## [DIRECTIONS FOR THIS TASK]
Transcribe exactly, and only, the lines that fall between the line containing "Nhung met ke" and the last line of the material, both ends included, omitting any pictures.

## [PROVIDED DATA]
------------------------------------------------------------------------

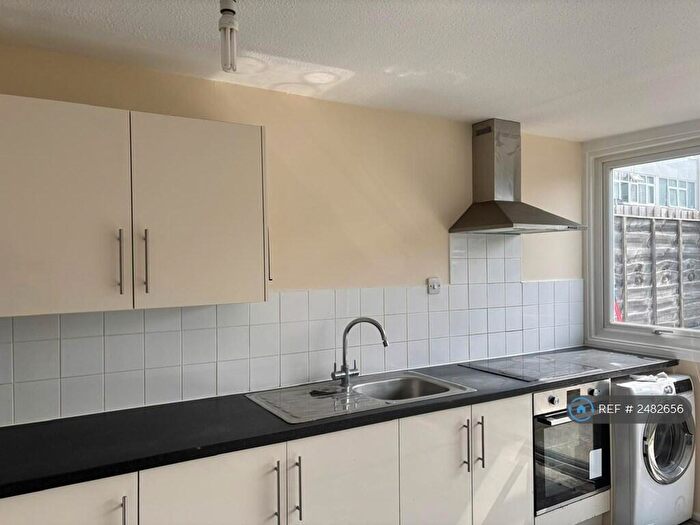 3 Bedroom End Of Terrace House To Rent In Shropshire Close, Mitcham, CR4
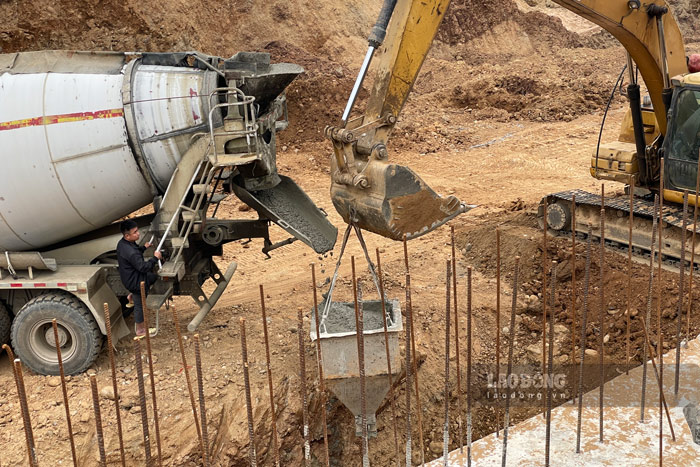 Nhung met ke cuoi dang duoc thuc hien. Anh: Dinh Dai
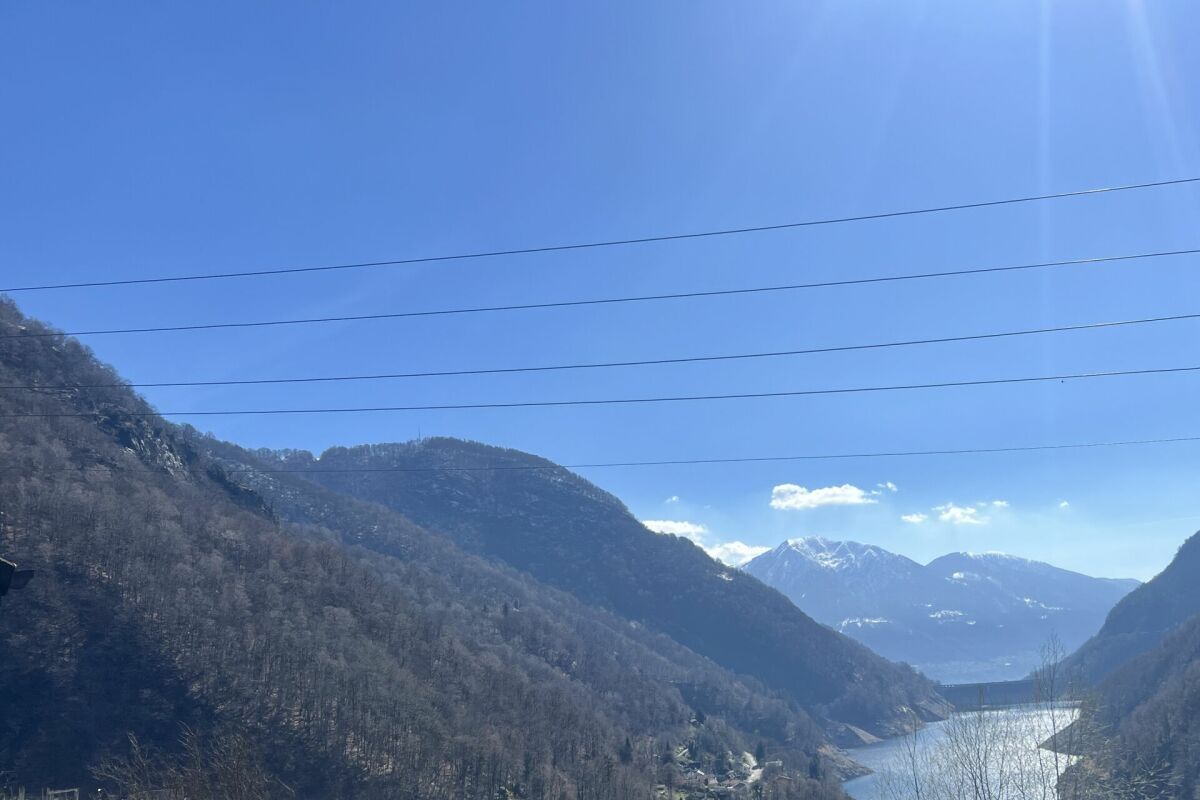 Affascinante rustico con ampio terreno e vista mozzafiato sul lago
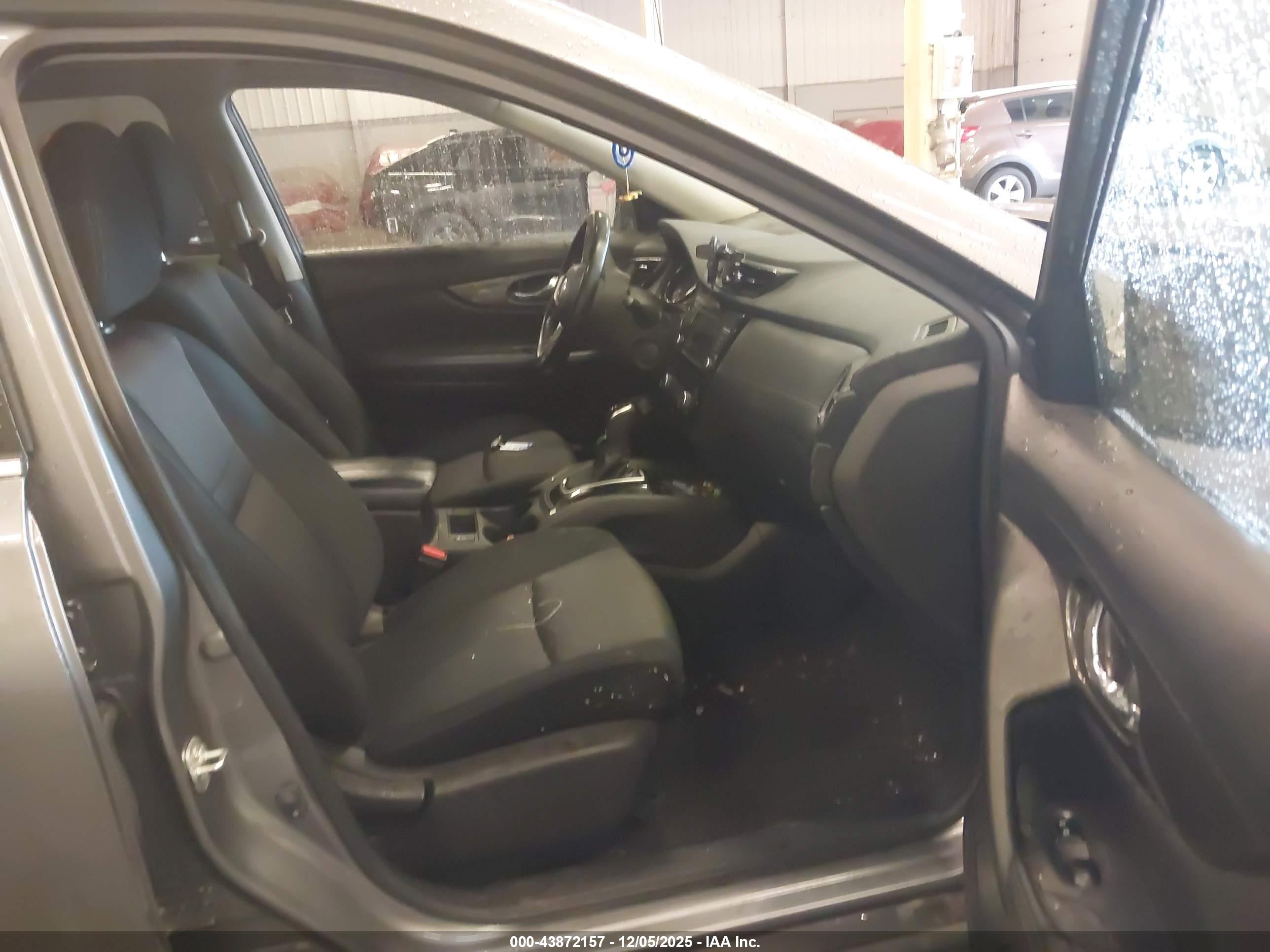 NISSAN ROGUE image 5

------------------------------------------------------------------------

## [SOLUTION]
 Nhung met ke cuoi dang duoc thuc hien. Anh: Dinh Dai
 Affascinante rustico con ampio terreno e vista mozzafiato sul lago
 NISSAN ROGUE image 5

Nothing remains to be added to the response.